§ Problem requirements
Below are the records; repeat exactly their lines between the line holding "CEIOPS Participations Définition" and the line holding "AfterShip Scraper", inclusive, skipping the pictures.
[Extracted material Boundary: Start]
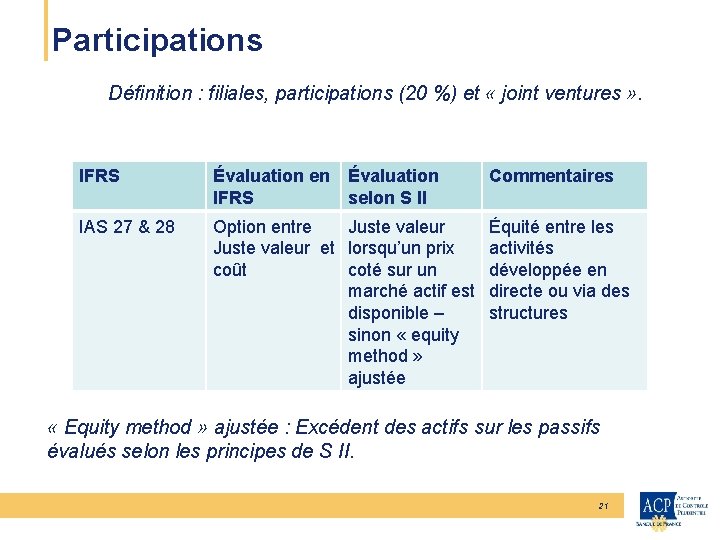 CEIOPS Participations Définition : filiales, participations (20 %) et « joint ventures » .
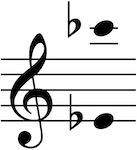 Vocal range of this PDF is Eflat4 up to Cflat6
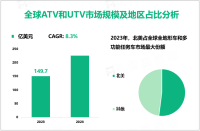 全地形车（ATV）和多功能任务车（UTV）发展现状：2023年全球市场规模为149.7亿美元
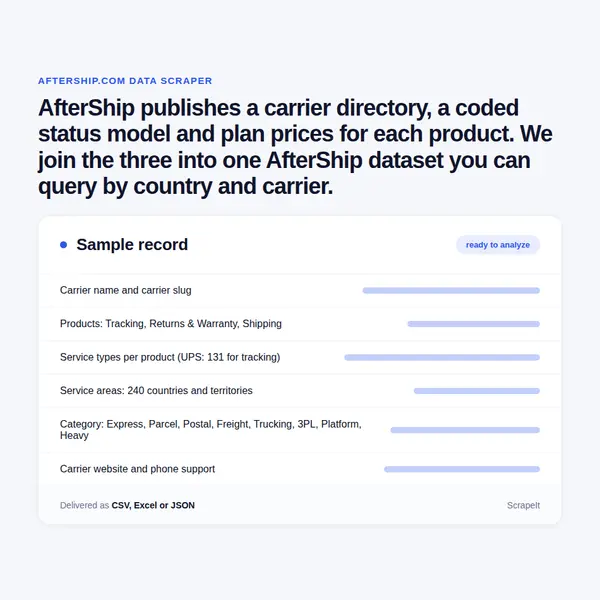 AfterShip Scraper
[Extracted material Boundary: End]
[Extracted material Boundary: Start]
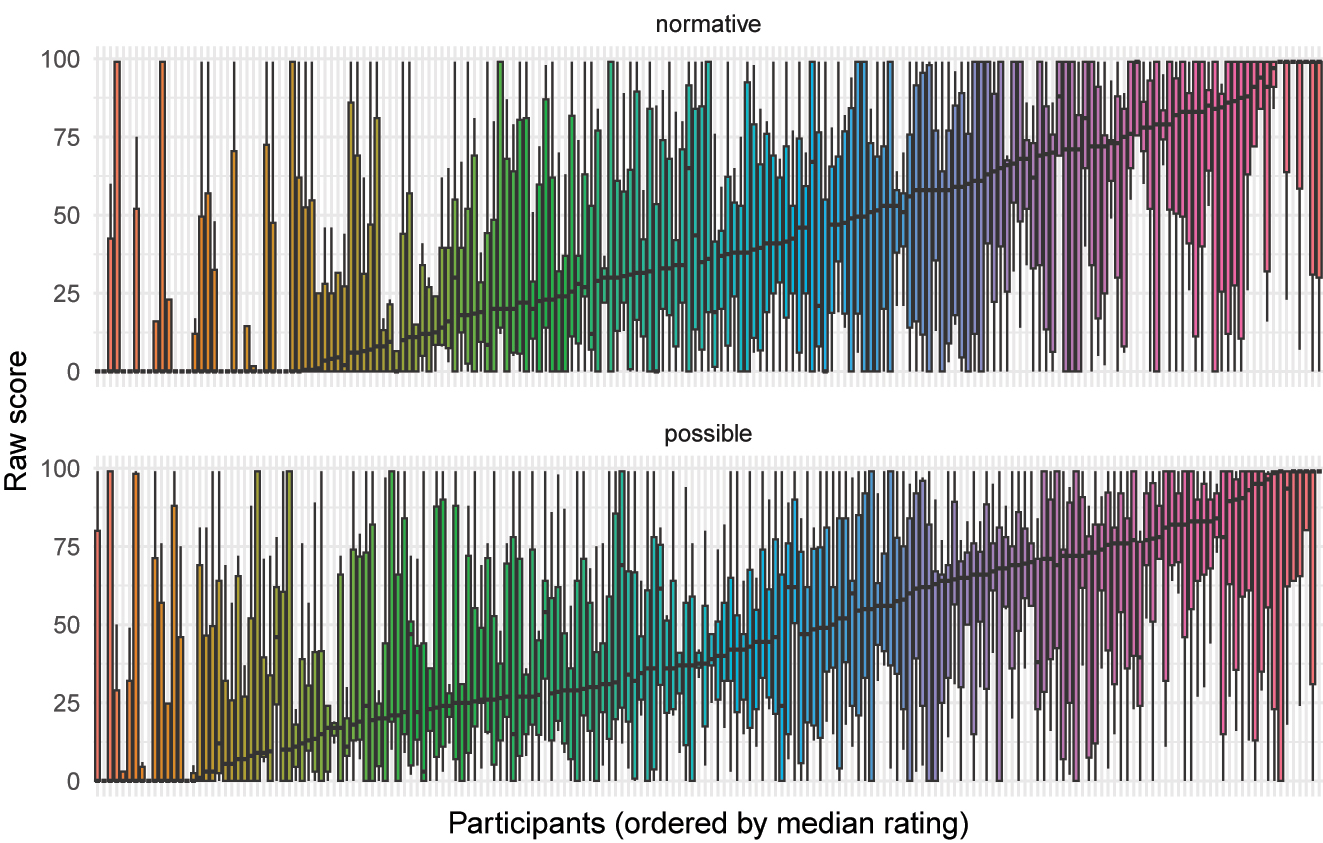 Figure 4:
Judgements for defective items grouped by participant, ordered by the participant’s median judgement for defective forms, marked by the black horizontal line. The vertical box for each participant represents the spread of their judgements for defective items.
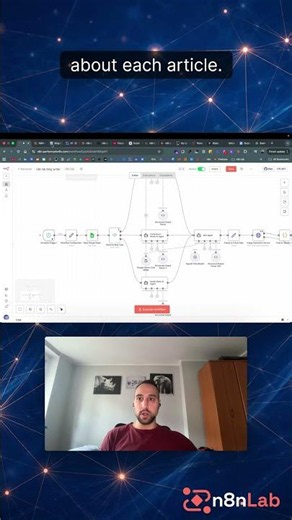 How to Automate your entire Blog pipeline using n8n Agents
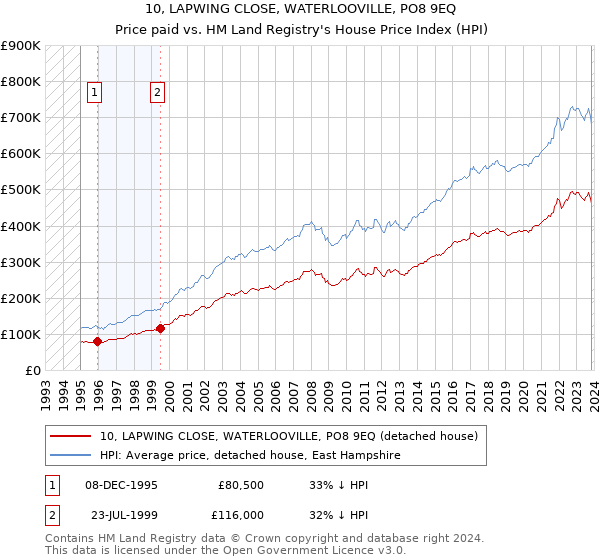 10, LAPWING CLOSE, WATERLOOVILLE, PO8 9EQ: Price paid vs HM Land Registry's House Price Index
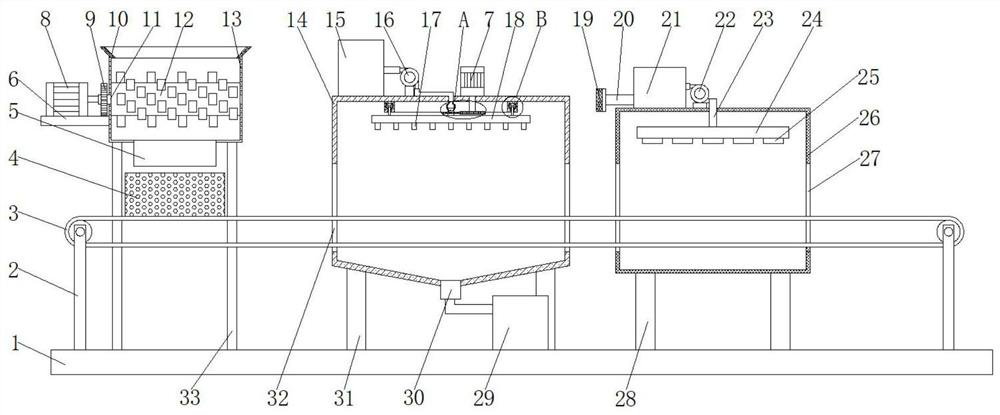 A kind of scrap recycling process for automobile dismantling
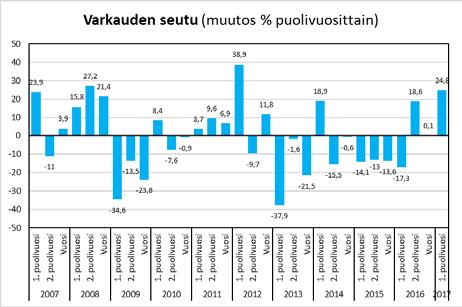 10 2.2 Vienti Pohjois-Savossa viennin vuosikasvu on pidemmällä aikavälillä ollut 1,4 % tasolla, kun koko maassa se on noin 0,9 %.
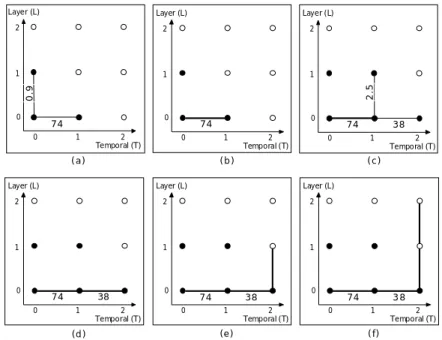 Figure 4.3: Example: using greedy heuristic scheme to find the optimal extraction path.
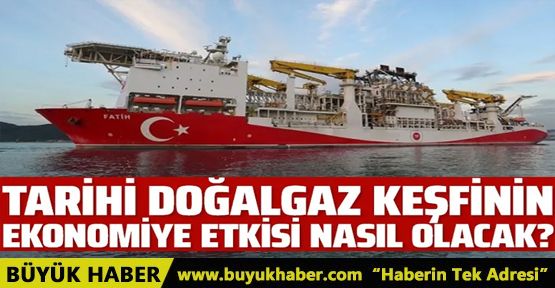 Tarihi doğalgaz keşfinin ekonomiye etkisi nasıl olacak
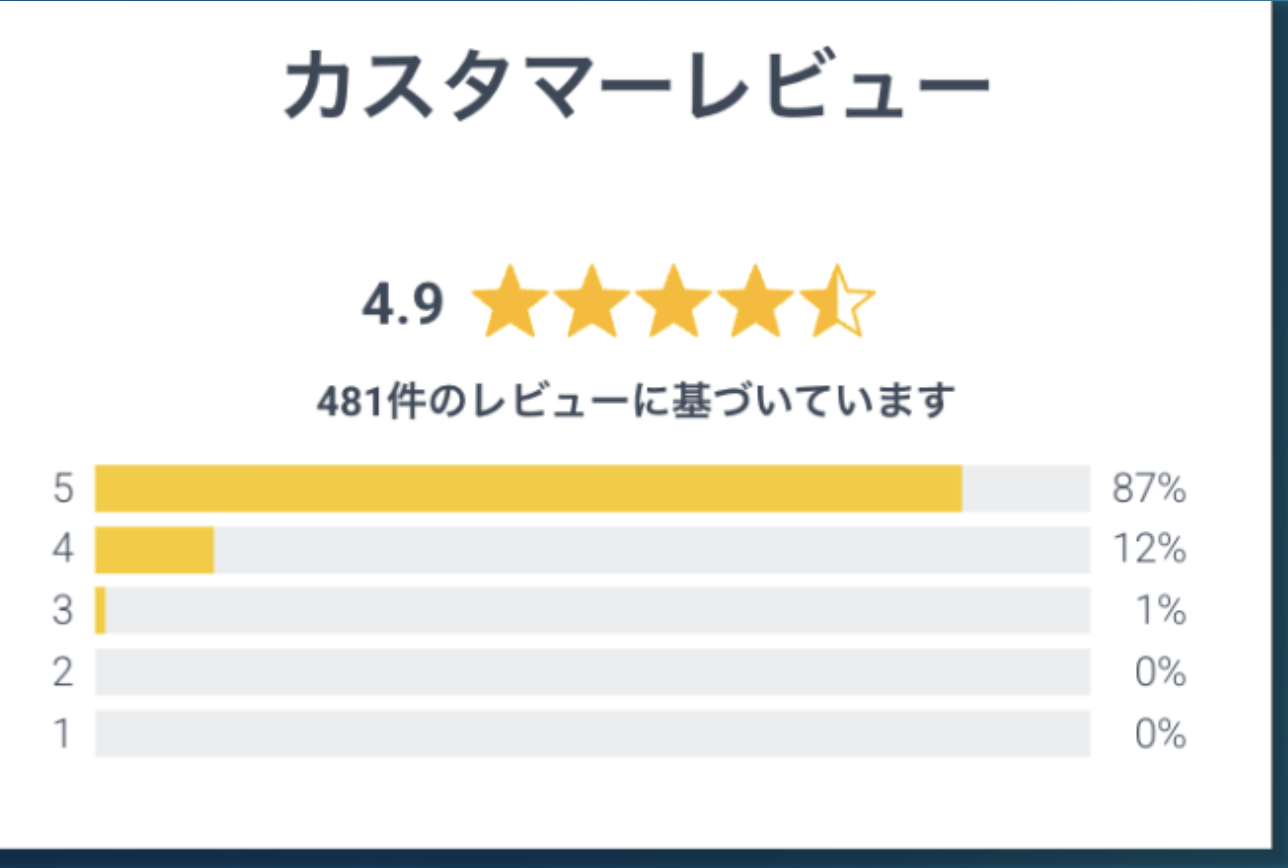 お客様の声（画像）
[Extracted material Boundary: End]
§ Answer below
 CEIOPS Participations Définition : filiales, participations (20 %) et « joint ventures » .
 Vocal range of this PDF is Eflat4 up to Cflat6
 全地形车（ATV）和多功能任务车（UTV）发展现状：2023年全球市场规模为149.7亿美元
 AfterShip Scraper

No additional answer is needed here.